Closed molsza closed 2 years ago
For investigative purposes, I've assumed this is a concurrency bug.
I've found where it's possible for this to occur from, in the DslJsonSerializer.serializeMessageHeaders() method.
I have found at least one way how it's possible, if a message is reused and is reset while the iterator is running through - you can have the situation where there is another item to write (so it's not writing the last item at the moment, so will add a comma) when it writes the item, but then when it comes to the next iteration, a reset() has been called, and there are no items left to write, so the loop terminates.
The examples are consistent with this, as the second document is clearly terminated earlier than the first with fields that it should have been writing now missing.
I haven't yet found why we would be doing that concurrent reset while iterating, but for me this is enough to promote this to bug status
@molsza do the agent logs contain any non-zero reference count
entries?
I agree this looks like a concurrency issue. My first hunch was that this is a visibility issue with how we use co.elastic.apm.agent.impl.context.Headers
(more precisely - the underlying map), but I cannot reproduce the issue under this assumption.
@molsza adding to @jackshirazi question: do you see next() called on a depleted iterator
or any other error in agent logs?
Hi @molsza we can't yet track down the underlying cause of the concurrency issue. Can you fill out some detail on your system? What libs are you using, which JMS client, what broker, if at all possible code samples of how you are obtaining the messages - the receive loop and callbacks? Thanks
@jackshirazi I will try to provide more information next week.
@molsza Should we keep this open? If you can provide the information requested by @jackshirazi ,then maybe we can investigate further. If you can share a simple app that reproduces this issue, that can be very useful. Lastly, did you add any manual instrumentation/tracing, or do you rely solely on the agent auto-instrumentation?
I am doing a lot of manual instrumentations. Now I think that it may my fault - looks like I am updating the transaction labels after the transaction is closed.

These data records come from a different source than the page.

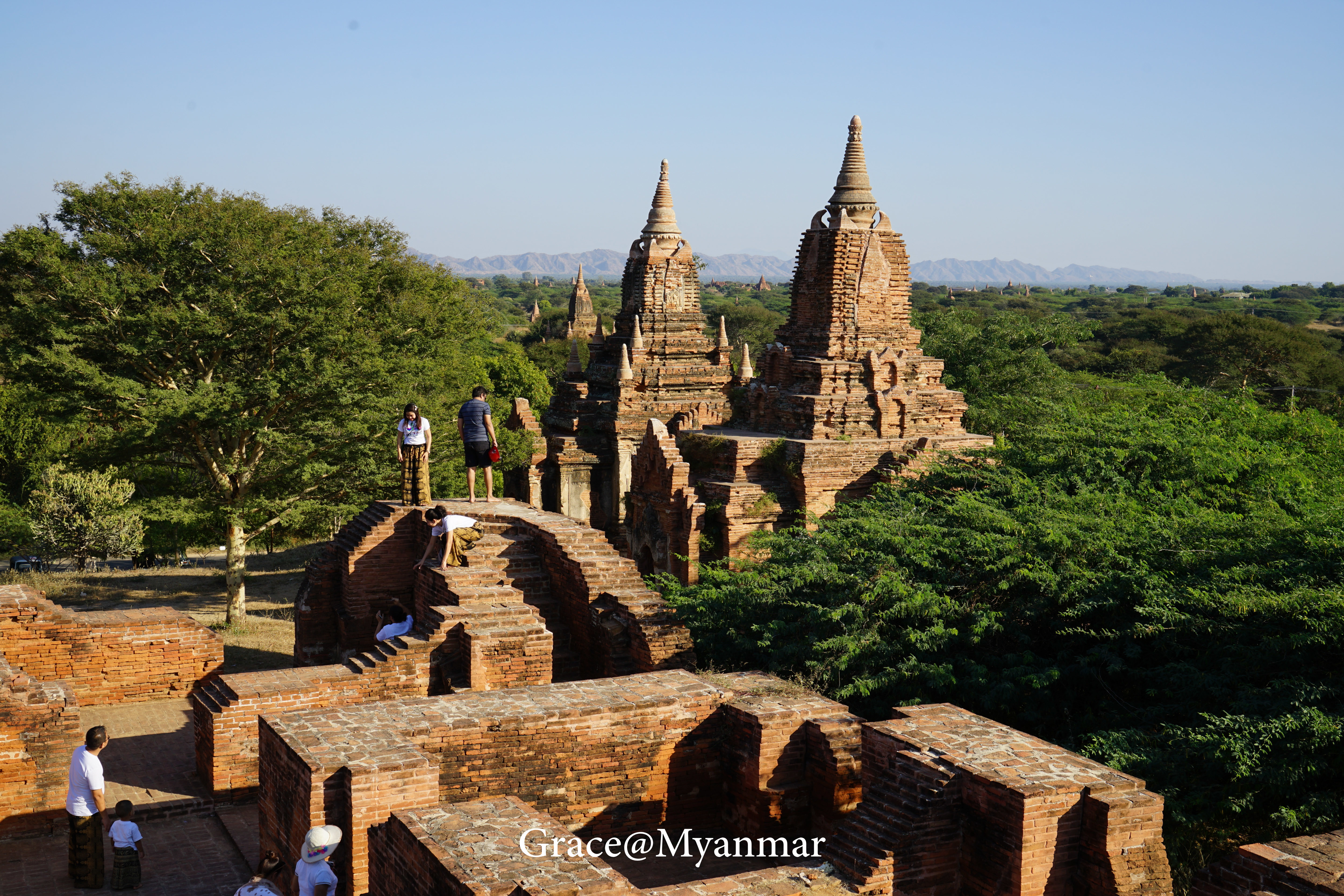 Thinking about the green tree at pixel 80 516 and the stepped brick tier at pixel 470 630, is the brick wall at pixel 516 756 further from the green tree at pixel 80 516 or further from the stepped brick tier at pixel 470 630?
the green tree at pixel 80 516

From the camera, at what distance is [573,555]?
41.4ft

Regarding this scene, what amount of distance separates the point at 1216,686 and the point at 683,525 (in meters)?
11.8

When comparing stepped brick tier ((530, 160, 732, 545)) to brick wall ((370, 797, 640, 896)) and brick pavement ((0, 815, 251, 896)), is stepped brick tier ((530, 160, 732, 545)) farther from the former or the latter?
brick wall ((370, 797, 640, 896))

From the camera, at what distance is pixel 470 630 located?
36.5 feet

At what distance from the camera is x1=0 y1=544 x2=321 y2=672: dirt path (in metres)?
19.6

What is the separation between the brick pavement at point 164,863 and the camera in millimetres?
8992

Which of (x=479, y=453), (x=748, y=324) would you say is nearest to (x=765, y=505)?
(x=479, y=453)

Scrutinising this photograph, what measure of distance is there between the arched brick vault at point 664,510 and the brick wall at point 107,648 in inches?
318

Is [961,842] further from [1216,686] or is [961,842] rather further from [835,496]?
[835,496]

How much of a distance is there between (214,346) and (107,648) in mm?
8493

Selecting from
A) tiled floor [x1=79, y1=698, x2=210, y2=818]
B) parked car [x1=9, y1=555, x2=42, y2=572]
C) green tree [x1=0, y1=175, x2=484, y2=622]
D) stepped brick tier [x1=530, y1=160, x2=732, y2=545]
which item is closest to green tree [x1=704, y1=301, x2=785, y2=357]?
stepped brick tier [x1=530, y1=160, x2=732, y2=545]

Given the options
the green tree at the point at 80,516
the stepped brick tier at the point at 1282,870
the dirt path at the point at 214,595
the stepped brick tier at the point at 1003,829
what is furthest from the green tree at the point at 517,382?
the stepped brick tier at the point at 1282,870

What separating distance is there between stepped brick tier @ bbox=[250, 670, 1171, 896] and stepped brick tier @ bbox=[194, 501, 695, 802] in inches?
48.6

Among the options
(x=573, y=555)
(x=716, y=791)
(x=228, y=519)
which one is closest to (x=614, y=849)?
(x=716, y=791) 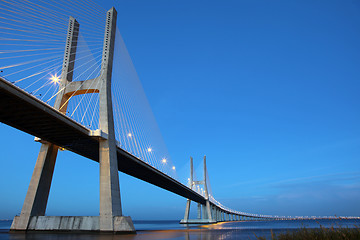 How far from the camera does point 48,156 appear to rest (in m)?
24.9

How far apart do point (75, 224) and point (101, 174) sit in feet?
13.8

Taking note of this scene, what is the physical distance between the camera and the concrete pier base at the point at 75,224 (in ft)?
71.1

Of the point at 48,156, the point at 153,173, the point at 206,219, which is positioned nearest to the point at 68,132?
the point at 48,156

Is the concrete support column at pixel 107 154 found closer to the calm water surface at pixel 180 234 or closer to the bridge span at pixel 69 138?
the bridge span at pixel 69 138

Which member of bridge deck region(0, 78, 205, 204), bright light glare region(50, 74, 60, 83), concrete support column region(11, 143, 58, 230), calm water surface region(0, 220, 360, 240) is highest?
bright light glare region(50, 74, 60, 83)

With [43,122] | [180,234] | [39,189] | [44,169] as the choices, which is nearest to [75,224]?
[39,189]

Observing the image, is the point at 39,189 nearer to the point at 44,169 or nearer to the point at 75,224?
the point at 44,169

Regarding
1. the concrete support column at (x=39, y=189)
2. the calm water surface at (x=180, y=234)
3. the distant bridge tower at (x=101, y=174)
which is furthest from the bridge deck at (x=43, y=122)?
the calm water surface at (x=180, y=234)

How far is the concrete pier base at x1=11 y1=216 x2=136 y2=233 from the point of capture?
2168 cm

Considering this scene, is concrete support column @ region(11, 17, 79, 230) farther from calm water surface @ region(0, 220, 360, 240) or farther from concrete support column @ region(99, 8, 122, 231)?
concrete support column @ region(99, 8, 122, 231)

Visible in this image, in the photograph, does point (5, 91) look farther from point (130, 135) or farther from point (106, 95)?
point (130, 135)

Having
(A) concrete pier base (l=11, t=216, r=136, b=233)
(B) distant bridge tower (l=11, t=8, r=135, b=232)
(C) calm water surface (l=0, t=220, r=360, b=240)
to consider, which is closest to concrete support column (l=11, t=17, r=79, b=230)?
(B) distant bridge tower (l=11, t=8, r=135, b=232)

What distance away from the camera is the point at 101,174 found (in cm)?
2300

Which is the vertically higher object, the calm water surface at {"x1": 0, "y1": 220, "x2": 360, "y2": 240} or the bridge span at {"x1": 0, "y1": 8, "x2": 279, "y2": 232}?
the bridge span at {"x1": 0, "y1": 8, "x2": 279, "y2": 232} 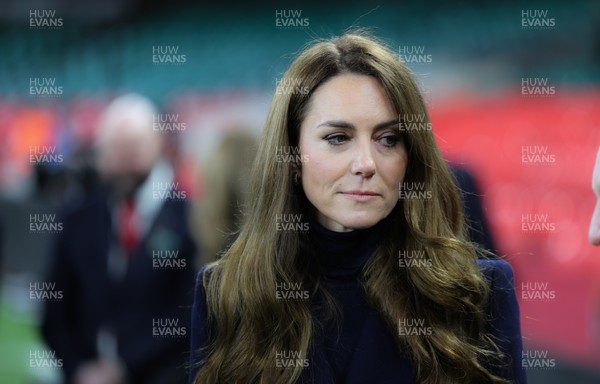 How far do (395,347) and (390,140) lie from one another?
1.59 feet

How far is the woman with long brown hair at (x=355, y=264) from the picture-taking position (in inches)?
84.1

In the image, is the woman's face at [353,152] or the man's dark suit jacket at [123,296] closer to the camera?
the woman's face at [353,152]

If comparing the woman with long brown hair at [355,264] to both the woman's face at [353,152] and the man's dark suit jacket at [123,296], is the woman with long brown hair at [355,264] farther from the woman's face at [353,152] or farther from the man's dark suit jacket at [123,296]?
the man's dark suit jacket at [123,296]

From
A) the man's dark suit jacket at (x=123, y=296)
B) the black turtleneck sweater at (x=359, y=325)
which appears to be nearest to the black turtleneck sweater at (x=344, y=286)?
the black turtleneck sweater at (x=359, y=325)

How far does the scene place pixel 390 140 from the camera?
2.19 m

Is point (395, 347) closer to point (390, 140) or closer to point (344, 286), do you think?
point (344, 286)

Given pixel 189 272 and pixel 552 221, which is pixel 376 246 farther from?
pixel 552 221

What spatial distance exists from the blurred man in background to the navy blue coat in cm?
149

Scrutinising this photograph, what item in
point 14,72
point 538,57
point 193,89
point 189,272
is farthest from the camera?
point 14,72

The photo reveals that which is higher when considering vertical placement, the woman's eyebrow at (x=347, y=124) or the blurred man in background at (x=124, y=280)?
the woman's eyebrow at (x=347, y=124)

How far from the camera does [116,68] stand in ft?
47.5

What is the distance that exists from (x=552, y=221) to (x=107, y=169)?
406 centimetres

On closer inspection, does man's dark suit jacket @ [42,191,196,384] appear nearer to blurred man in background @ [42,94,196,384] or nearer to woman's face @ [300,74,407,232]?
blurred man in background @ [42,94,196,384]

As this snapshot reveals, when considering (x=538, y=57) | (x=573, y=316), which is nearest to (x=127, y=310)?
(x=573, y=316) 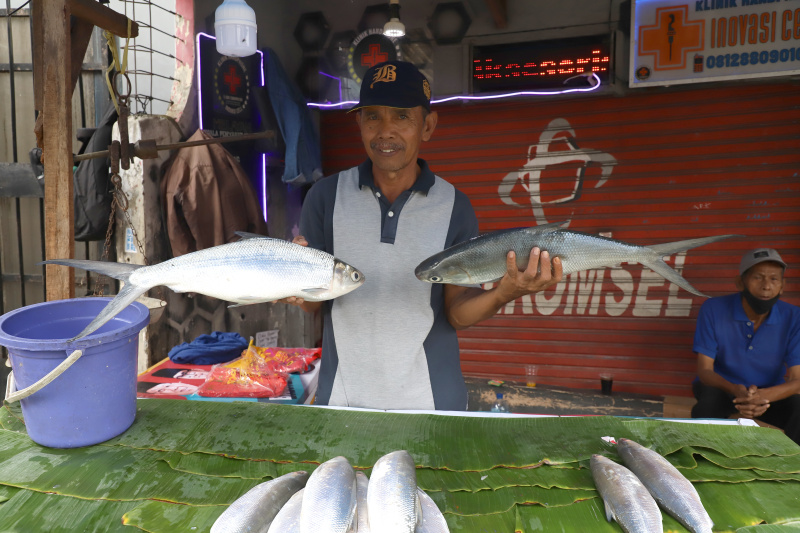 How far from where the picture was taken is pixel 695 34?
16.7 feet

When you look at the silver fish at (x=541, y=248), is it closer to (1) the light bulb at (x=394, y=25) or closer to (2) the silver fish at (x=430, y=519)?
(2) the silver fish at (x=430, y=519)

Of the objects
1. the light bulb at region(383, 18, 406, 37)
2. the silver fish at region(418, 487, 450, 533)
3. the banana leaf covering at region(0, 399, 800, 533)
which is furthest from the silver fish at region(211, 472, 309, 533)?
the light bulb at region(383, 18, 406, 37)

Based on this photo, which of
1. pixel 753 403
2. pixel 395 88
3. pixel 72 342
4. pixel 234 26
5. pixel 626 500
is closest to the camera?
pixel 626 500

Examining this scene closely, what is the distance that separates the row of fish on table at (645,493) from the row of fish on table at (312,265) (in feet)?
2.29

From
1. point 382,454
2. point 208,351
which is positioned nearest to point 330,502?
point 382,454

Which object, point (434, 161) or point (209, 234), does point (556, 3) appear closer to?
point (434, 161)

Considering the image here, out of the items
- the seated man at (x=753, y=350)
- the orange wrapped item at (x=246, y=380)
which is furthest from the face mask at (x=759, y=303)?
the orange wrapped item at (x=246, y=380)

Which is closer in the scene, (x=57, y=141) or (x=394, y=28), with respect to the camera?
(x=57, y=141)

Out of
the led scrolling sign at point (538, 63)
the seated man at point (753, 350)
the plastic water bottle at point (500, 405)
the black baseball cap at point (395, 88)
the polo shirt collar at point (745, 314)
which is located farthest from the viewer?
the plastic water bottle at point (500, 405)

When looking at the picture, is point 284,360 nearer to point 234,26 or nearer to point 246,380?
point 246,380

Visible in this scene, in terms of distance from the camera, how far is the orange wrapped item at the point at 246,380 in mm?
3670

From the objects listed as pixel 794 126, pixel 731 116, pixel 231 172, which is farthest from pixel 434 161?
pixel 794 126

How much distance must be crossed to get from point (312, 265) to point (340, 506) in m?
0.97

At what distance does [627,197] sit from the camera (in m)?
6.02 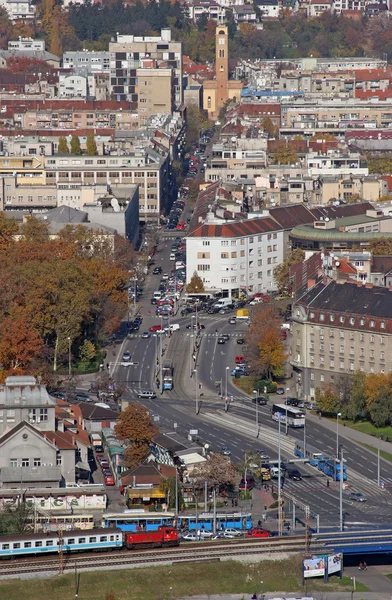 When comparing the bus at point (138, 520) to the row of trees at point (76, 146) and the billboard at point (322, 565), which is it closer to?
the billboard at point (322, 565)

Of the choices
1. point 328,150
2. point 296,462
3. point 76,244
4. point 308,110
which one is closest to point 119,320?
point 76,244

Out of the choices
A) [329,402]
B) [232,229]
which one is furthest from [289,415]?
[232,229]

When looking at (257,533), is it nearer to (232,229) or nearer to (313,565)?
(313,565)

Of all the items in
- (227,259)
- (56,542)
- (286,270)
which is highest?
(227,259)

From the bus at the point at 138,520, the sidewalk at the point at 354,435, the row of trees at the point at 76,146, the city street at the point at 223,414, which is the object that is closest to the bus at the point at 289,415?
the city street at the point at 223,414

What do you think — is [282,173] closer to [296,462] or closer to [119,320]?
[119,320]

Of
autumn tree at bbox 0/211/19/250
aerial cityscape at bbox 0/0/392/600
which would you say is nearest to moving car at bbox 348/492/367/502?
aerial cityscape at bbox 0/0/392/600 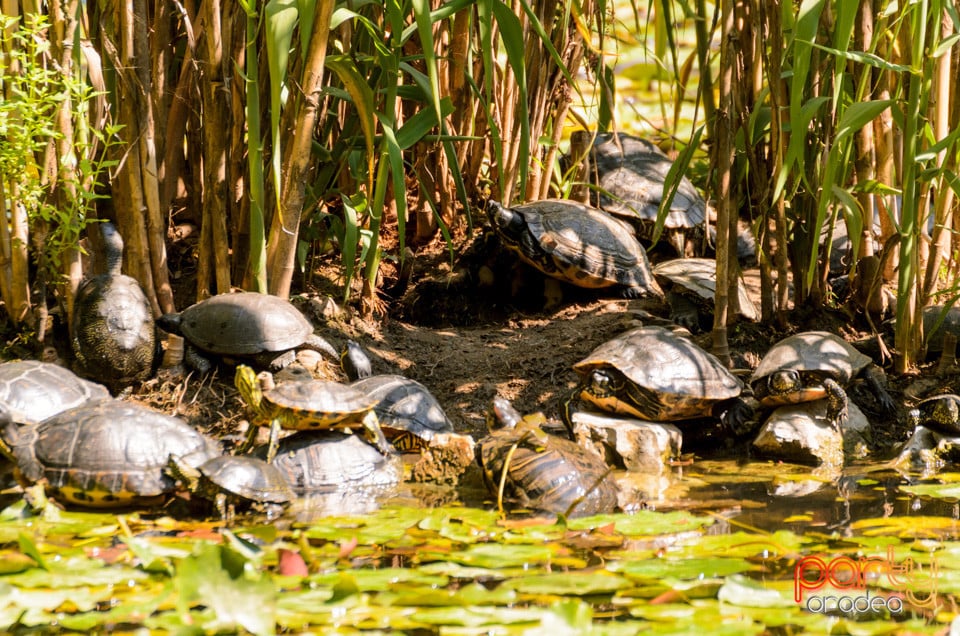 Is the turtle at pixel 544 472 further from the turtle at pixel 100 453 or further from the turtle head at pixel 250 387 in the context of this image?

Thanks for updating! If you think you figured it out, please close the issue.
And if you don't figure this out, please provide the following info, so we can narrow it down:
TL;DR: everything is fine with the elastic APM agent. Transaction object has been used in multiple threads and modified after it was closed. Feel free to close the issue.
Problem was that with JMS instrumentation. Application is receiving JMS in one thread then it send to executor for processing. Just after message is send to executor, consumer method ends and APM is closing the transaction. However this transaction has been still used in executor (new spans, new labels). Further tests showed that error can happen in both serializing the transaction and we can have concurrent modification exception during adding the labels.
Solving the problem was not so straightforward as one could think. First I have tried to create a child transaction from existing one and passed this child transaction to executor and activate it there, but even though agent logged that transaction is create/activated/deactivated/ended it never showed in APM. Next attempt, this time successful, was to cancel the original JMS transaction (ignore it) and create a new one from scratch in executor thread.
Solving the problem was not so straightforward as one could think. First I have tried to create a child transaction from existing one and passed this child transaction to executor and activate it there, but even though agent logged that transaction is create/activated/deactivated/ended it never showed in APM. Next attempt, this time successful, was to cancel the original JMS transaction (ignore it) and create a new one from scratch in executor thread.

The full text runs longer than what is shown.